Task item:
Write the listing out again exactly as it stands, with no images.

(Data for analysis)

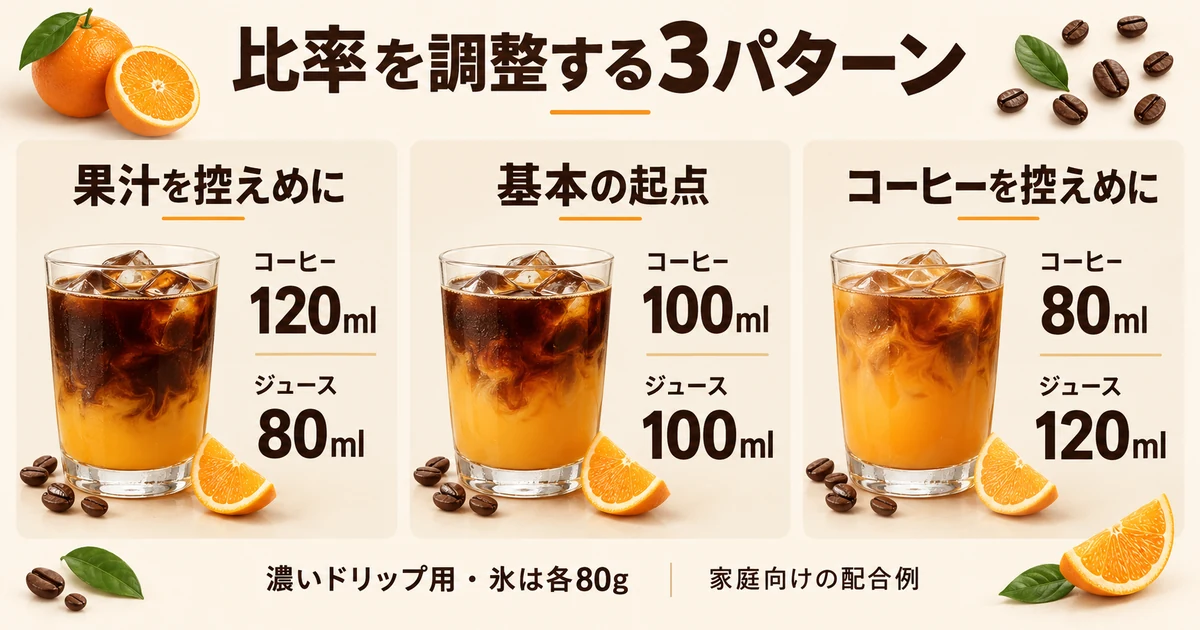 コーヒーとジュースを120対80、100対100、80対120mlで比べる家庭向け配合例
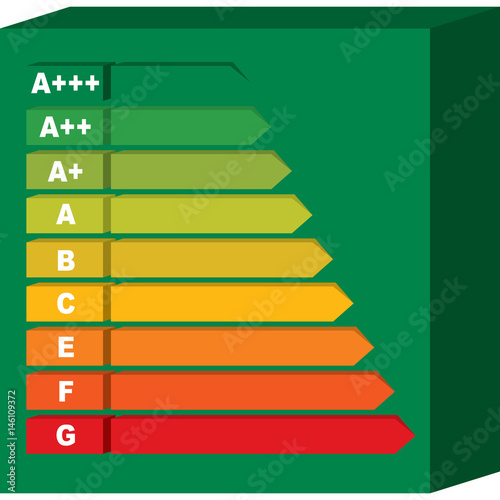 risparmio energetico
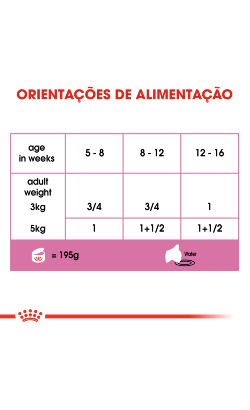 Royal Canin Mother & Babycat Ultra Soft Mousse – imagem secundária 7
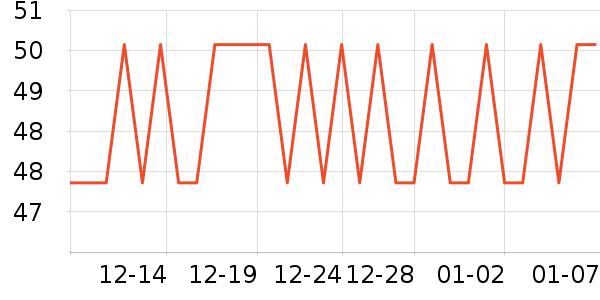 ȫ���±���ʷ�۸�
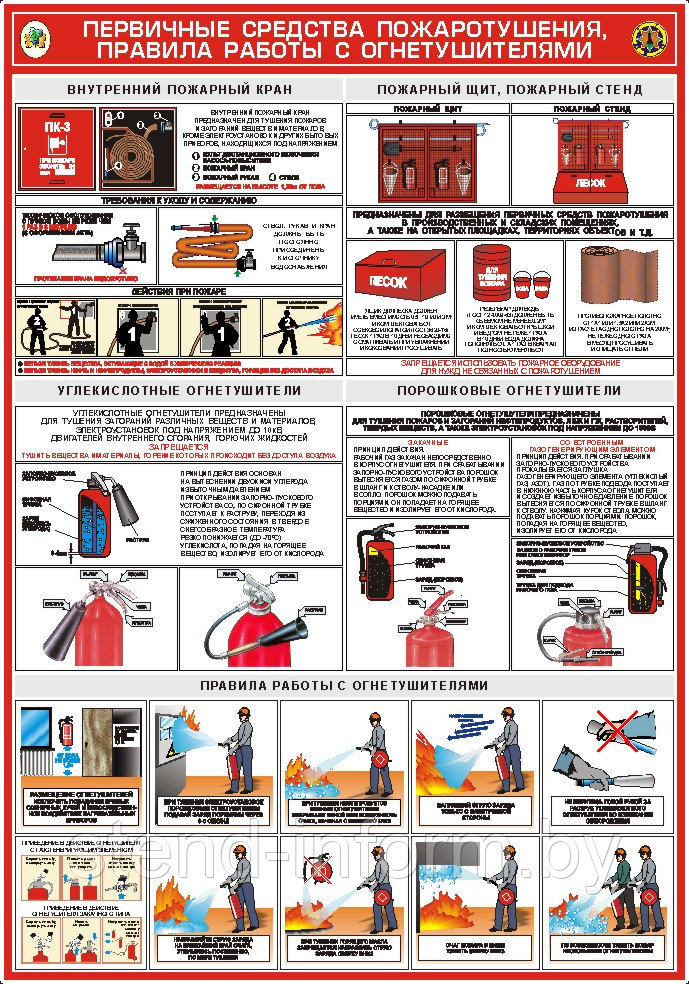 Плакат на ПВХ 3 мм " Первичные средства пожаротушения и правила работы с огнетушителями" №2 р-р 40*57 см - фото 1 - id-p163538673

(End Data for analysis)

Problem solution:
 コーヒーとジュースを120対80、100対100、80対120mlで比べる家庭向け配合例
 risparmio energetico
 Royal Canin Mother & Babycat Ultra Soft Mousse – imagem secundária 7
 ȫ���±���ʷ�۸�
 Плакат на ПВХ 3 мм " Первичные средства пожаротушения и правила работы с огнетушителями" №2 р-р 40*57 см - фото 1 - id-p163538673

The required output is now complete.